One I wonder about is what kind of servers they are supposedly using. The problem is that modern games demand a modern GPU to look good. The kind of processing needed cannot be done on any sort of reasonable processor in realtime. Also, GPUs aren't really set up to work in parallel these days. What I mean is if you try to have a system with multiple GPUs and running multiple 3D games on them, you are going to find that doesn't really work. That sort of thing is coming, DX11 generation hardware is much better at multi-tasking and such, but it requires apps to be rewritten for it and still isn't there.
So what it comes down to is that to run a modern 3D game, well you have to have a desktop system more or less. You need to have a system running Windows with a powerful GPU at its disposal, and it needs to be tasked to running that one game.
Well that isn't a situation I'm seeing as working real well for a hosted business model. You have a whole bunch of individual desktop machines set up that then load up the software and whatever handles the encoding.
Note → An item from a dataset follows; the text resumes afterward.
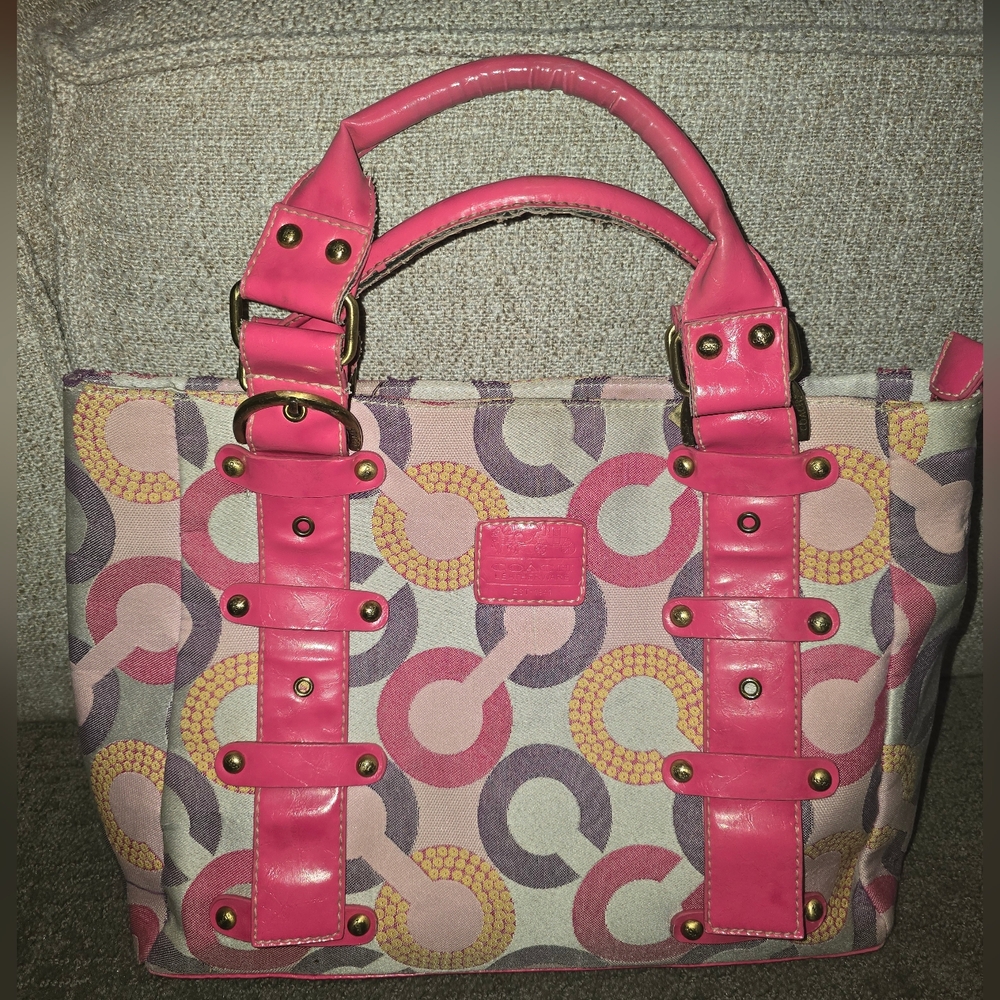 Vintage COACH Pink Patterned Tote Bag with Pink Trim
If they are claiming they are doing it with "virtualization" then I'm saying they are "lying." As it happens, doing virtualization related things is a big part of my job, so I'm fairly up on the tech. When it comes to 3D with VMs there are two things that are true of every technology that supports it:
1) It doesn't work real well. It is on the slow side, and there are bugs of various sorts. It is for sure usable, but nobody is going to confuse it for being 100% good to go, and newer games are the thing it has the most trouble with.
2) It requires a 3D card on the host. All of the virtualizaiton solutions do 3D by processing the guest 3D calls and translating them in to 3D calls to the host. 3D hardware is then needed to do the actual rendering.
I'm afraid I don't buy that these random guys have a more advanced technology than VMWare, Sun, Microsoft, and so on. If you could easily virtualize a system and emulate full modern 3D in software, well they'd be doing it. Hell, MS would be interested in doing it non-virtualized. Be a cool selling point of a new Windows if you didn't need a GPU anymore.
So the only way I see this working is lots and lots of systems with big graphics cards in them. This I do not see as a profitable proposition, even assuming all the rest of it works flawlessly.